Private Chase Student Loans: As you may be aware, private student loans should only be taken out if they are absolutely necessary. They can often serve to meet a vital gap in the actual cost of attending college versus the financial aid that the student was awarded. Additionally, they can temporarily provide a student with the option to spend more time focusing on their studies and less time working. However, this should not be considered a primary funding source given the high cost of borrowing private loans. In fact, you should be certain that you have maximized federal funding before looking into these loans.

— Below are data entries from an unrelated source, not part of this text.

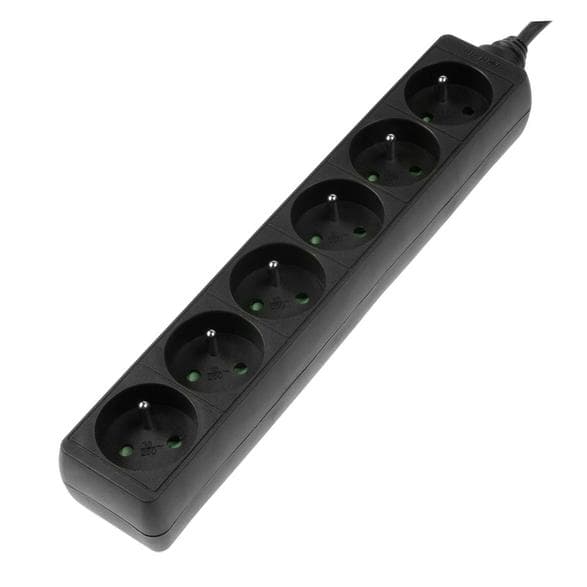 HAMA Standard 6-bens strømskinne, 1,5m sort 44223706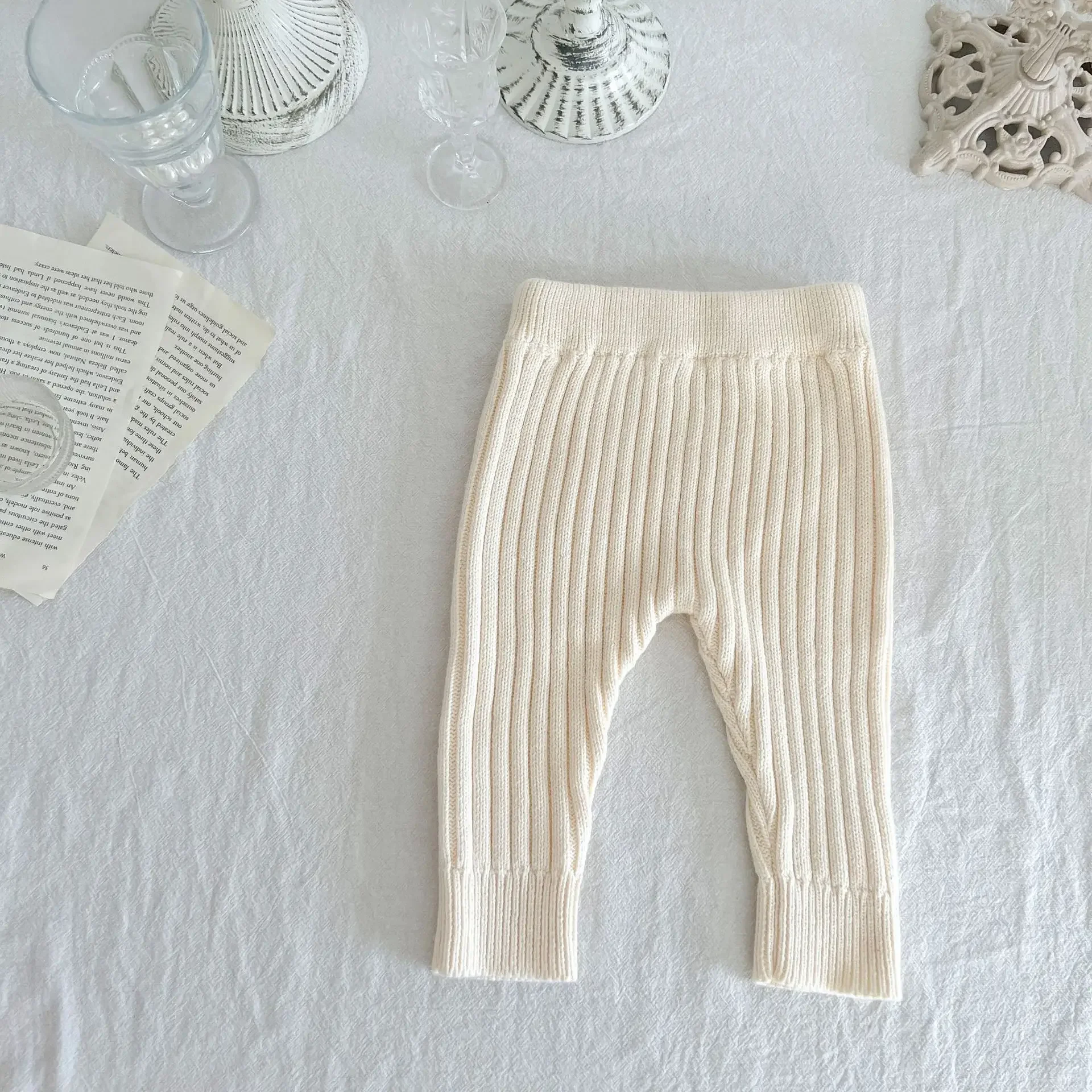 Autumn Baby Knitted Pants Children\'s Clothing Male and Female Baby Cotton Yarn and Wool Woven Elastic Leggings Large PP Pants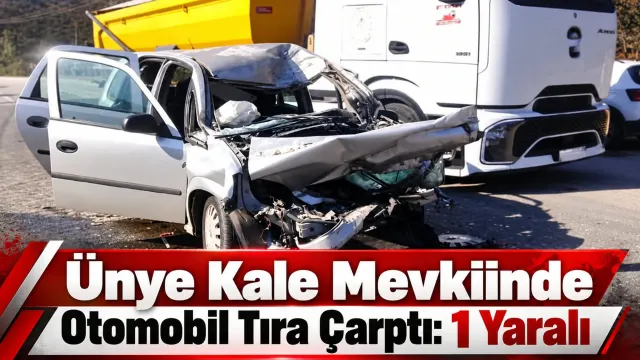 Ünye’de Tıra Arkadan Çarpan Otomobildeki Sürücü Yaralandı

While Chase used to offer private student loans with competitive interest rates, they are currently not available through this lender. As such, borrowers will need to check out the private student loan rates at other banks of credit unions before deciding which one is right for them. Two of the largest private loan companies are Sallie Mae and Wells Fargo. Before Chase stopped offering private student loans, these were some of the loans they offered:

Graduate Student Loans by Chase: As the name suggests, these loans were only open to graduate students who needed additional funding to cover the gap in the cost of continuing their education. The amount that the student was eligible to borrow, along with the interest rate, was decided based on the student’s credit score. This program was especially appealing to graduate students because there was no penalty for repaying the loan early and there were no origination fees. Additionally, students could defer payments while they were still in school. The student could borrow any amount, up to the cost of attendance at their school.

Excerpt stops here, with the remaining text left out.